God liet me zien dat ik mijn schoonheid bepaalde aan de hand van de maatstaven die in onze cultuur golden, maar dat is een pad van gebondenheid en pijn, omdat het schoonheidsideaal continu verandert. Wist je dat rond 1900 het ideale lichaamstype een smalle taille in combinatie met grote borsten was? Daarom droegen vrouwen korsetten en lieten ze ribben verwijderen, zodat hun taille kon worden omvat door mannenhanden. In de jaren '20 van de vorige eeuw was het ideale lichaamstype anders: mager als een lat, kleine borsten, zwartgemaakte ogen (met houtskool) en het haar in de krul. In de jaren '80 draaide het om fit zijn, spandex sportoutfits en Jane Fonda en het ideale lichaamstype werd strak en gespierd. 'Ideale schoonheid' verandert continu: een geprononceerde rug, enorm lange wimpers, dikke wenkbrauwen in plaats van die super dunne van tien jaar geleden. We kunnen onze hoop op schoonheid niet laten afhangen van onze cultuur, want die is zo veranderlijk.
We moeten luisteren naar de God die ons heeft geschapen als het gaat om was mooi is.
De cultuur stelt: Je moet de juiste kleding hebben en je make-up moet perfect zijn.
God zegt: Jouw schoonheid zit niet van buiten, zoals je kapsel of je sieraden of je kleding. Het gaat om je innerlijk, de nooit verwelkende schoonheid van een zachtmoedige en stille geest en dat is van grote waarde in Gods ogen (1 Petrus 3:3-4).
De cultuur stelt: Je uiterlijke schoonheid is het allerbelangrijkst.

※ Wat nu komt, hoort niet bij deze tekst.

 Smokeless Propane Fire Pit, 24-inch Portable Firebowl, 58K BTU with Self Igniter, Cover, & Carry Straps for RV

God zegt: Bevalligheid is bedrieglijk en schoonheid vergankelijk, een vrouw die de HEERE vreest, die zal geprezen worden (Spreuken 31:30).

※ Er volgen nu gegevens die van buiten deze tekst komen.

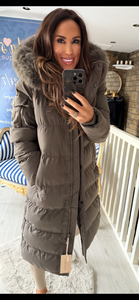 GHAKI QUILTED FUR HOODED COAT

De cultuur stelt: Je moet een platte buik hebben en strakke armen.
God zegt: Want de oefening van het lichaam is van weinig nut, maar de godsvrucht is nuttig voor alle dingen, omdat zij de belofte van het tegenwoordige en van het toekomende leven heeft (1 Timotheüs 4:8).
Schoonheidsidealen veranderen, maar Gods woord blijft altijd hetzelfde. We moeten onze ideeën over schoonheid van onze Maker krijgen en niet van onze cultuur. Als we dat doen, vinden we rust en vrijheid en dan zijn we in staat om Zijn pracht te laten zien door de lichamen die Hij heeft geschapen tot Zijn eer. Laten we onthouden dat we een meesterwerk zijn en dat we mooi zijn omdat onze Schepper alleen maar mooie dingen maakt. Streef het na om te groeien in blijvende schoonheid.